[Opening Given records section]
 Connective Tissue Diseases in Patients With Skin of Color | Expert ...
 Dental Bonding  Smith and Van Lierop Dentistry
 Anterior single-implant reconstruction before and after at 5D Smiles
[Closing Given records section]
[Opening Given records section]
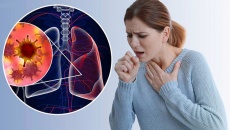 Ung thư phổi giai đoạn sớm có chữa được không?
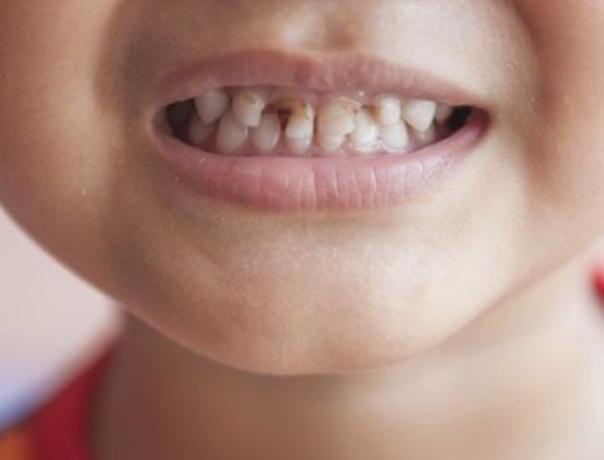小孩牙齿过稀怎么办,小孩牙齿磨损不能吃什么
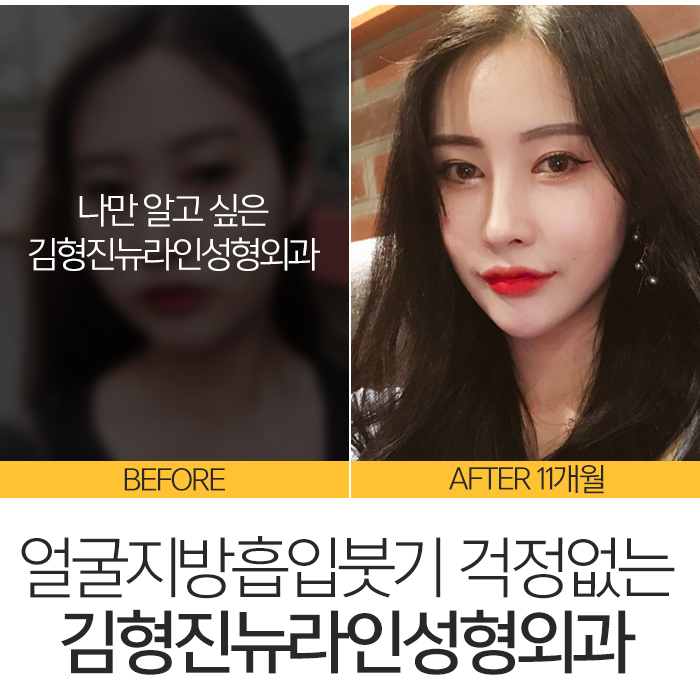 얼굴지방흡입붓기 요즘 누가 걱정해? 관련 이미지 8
[Closing Given records section]
■ Problem statement
The entries above hold the needed span. Transcribe exactly the lines from the one with "Van Lierop Dentistry" to the one with "Anterior single-implant reconstruction", both included.

■ Final answer
 Dental Bonding  Smith and Van Lierop Dentistry
 Anterior single-implant reconstruction before and after at 5D Smiles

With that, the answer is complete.